*Work instruction:*
Could you output each line below exactly as it appears, excluding any pictures?

Provided material Block Start

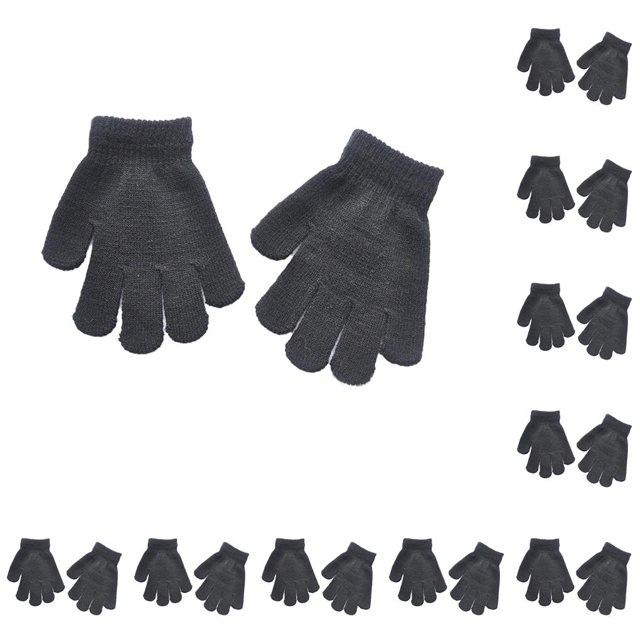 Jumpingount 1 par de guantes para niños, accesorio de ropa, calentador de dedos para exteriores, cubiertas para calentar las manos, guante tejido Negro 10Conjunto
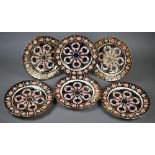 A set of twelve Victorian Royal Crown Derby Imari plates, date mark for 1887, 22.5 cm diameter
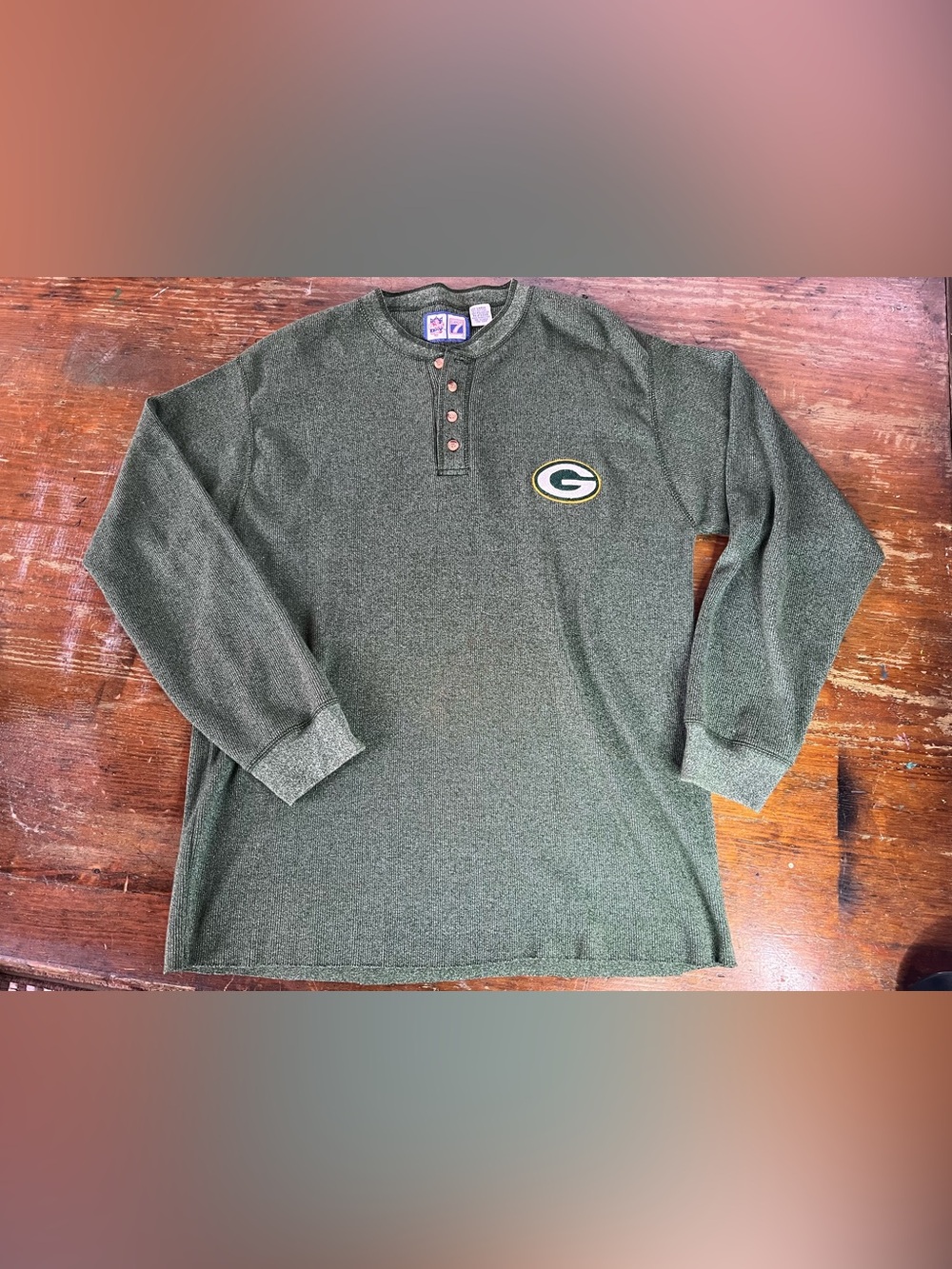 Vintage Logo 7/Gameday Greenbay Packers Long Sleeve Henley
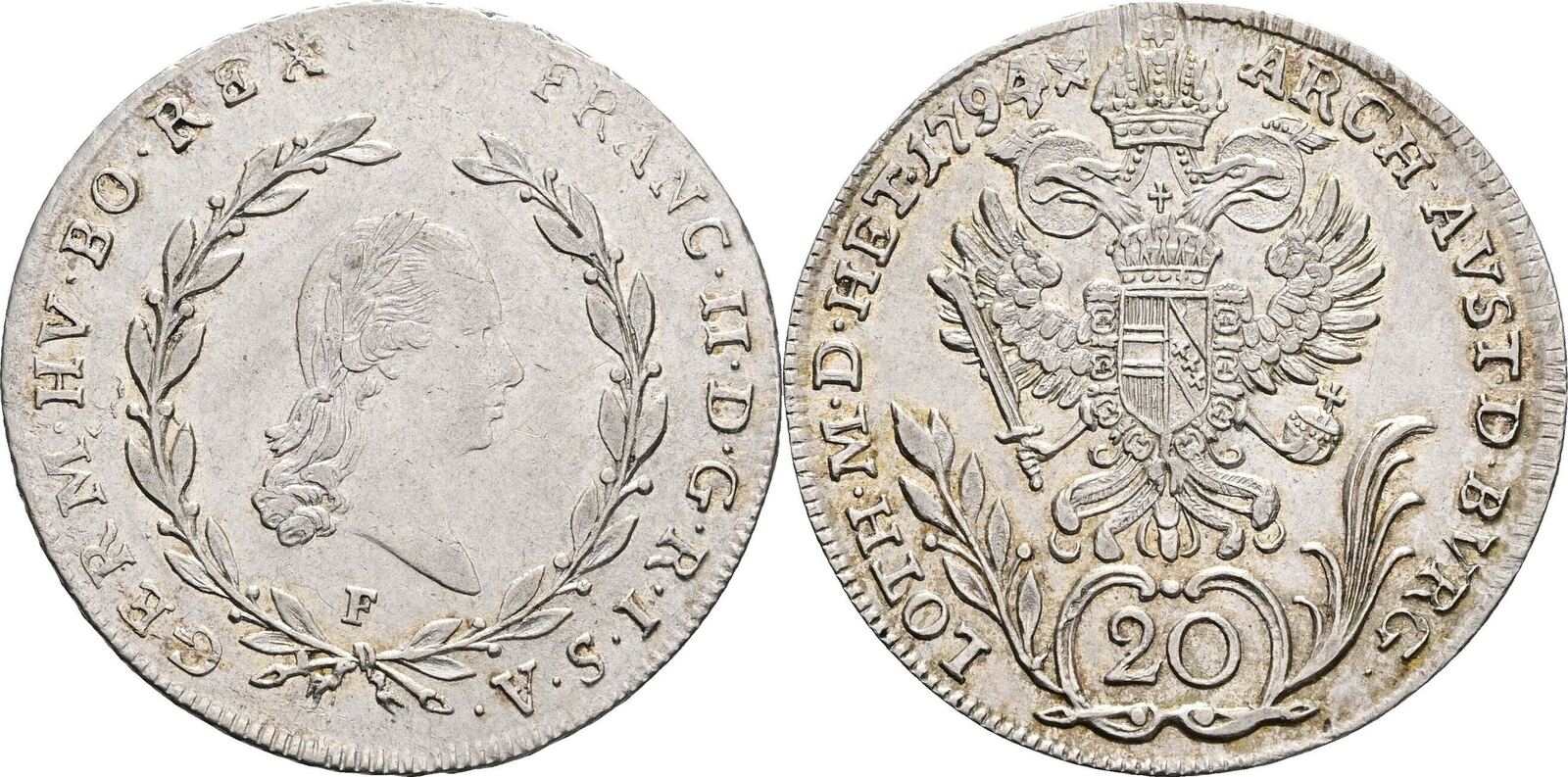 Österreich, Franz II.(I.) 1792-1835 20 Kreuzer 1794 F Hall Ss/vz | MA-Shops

Provided material Block End

*Completed task:*
 Jumpingount 1 par de guantes para niños, accesorio de ropa, calentador de dedos para exteriores, cubiertas para calentar las manos, guante tejido Negro 10Conjunto
 A set of twelve Victorian Royal Crown Derby Imari plates, date mark for 1887, 22.5 cm diameter
 Vintage Logo 7/Gameday Greenbay Packers Long Sleeve Henley
 Österreich, Franz II.(I.) 1792-1835 20 Kreuzer 1794 F Hall Ss/vz | MA-Shops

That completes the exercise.